Folha de S. Paulo


Ex-padre recebe sem surpresa excomunhão por defender união gay

O ex-padre Roberto Francisco Daniel, de 49 anos, recebeu sem surpresa a decisão do Vaticano, no último sábado (15), de oficializar sua excomunhão da Igreja Católica.

Excomungado desde abril do ano passado pela Diocese de Bauru (a 329 km de São Paulo), ele ainda aguardava a confirmação da Santa Sé.

Padre Beto, como é conhecido, foi punido por defender o casamento entre homossexuais e divorciados e por questionar dogmas da igreja.

A polêmica começou quando o bispo Caetano Ferrari, de Bauru, determinou que o então padre retirasse da internet vídeos em que questionava tradições do catolicismo e pedisse perdão. Beto se recusou e pediu afastamento temporário da igreja.

Denise Guimarães - 3.mai.13/Folhapress
Roberto Francisco Daniel foi excomungado da Igreja Católica por dizer que pode haver amor em relacionamentos bissexuais
Roberto Francisco Daniel foi excomungado da Igreja por defesa de relacionamentos homossexuais

Antes de se afastar, porém, celebrou missas de despedida que reuniram milhares de fiéis. No dia seguinte, ao tentar entregar o pedido de afastamento, foi comunicado sobre a excomunhão. A decisão provocou passeatas e comoção nas redes sociais.

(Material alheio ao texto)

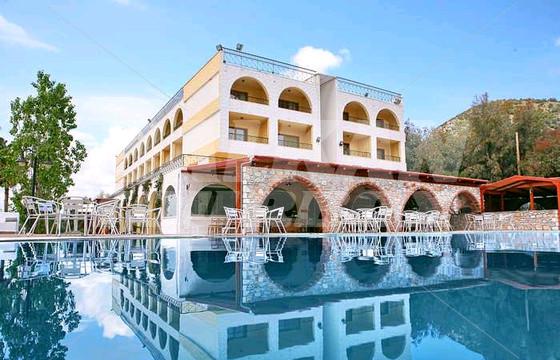holiday in Silver Bay Hotel and Bungalows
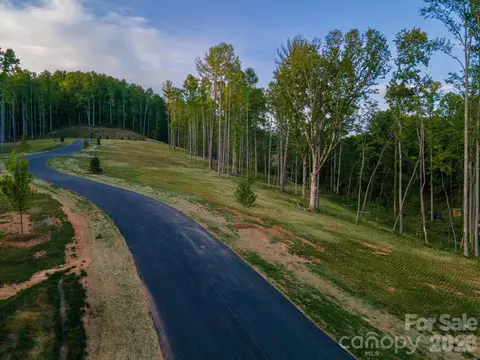 415 Fairview Dr, Fairview, NC 28730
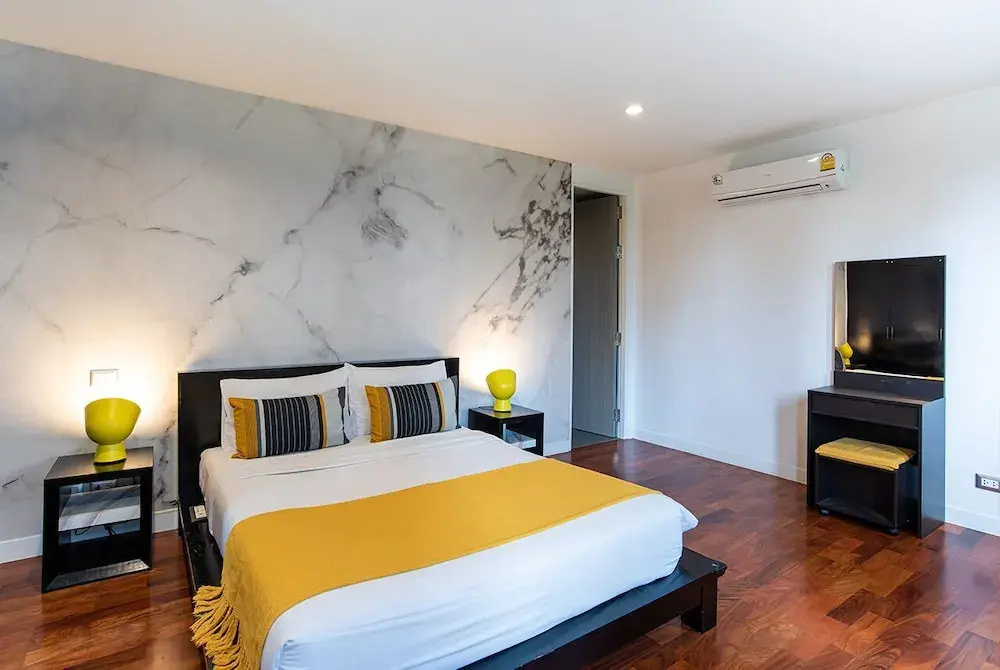 3 Bedrooms Suite with balcony and with city view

O processo sobre a excomunhão, decidida em Bauru em 2013, foi enviado à Congregação para a Doutrina da Fé, o tribunal supremo do Vaticano, que agora confirmou a decisão, divulgada pelo juiz instrutor do caso, padre Tiago Wenceslau.

"A excomunhão é a mais grave pena na qual um fiel cristão católico pode incorrer", diz o texto. "O reverendo padre incorreu de modo livre e consciente nessa pena."

Beto pode reverter a punição caso decida pedir perdão à Igreja Católica, o que não pretende fazer. "Como posso pedir perdão por afirmações que considero corretas? Gente de dentro da igreja também acha isso, mas não fala", disse à Folha.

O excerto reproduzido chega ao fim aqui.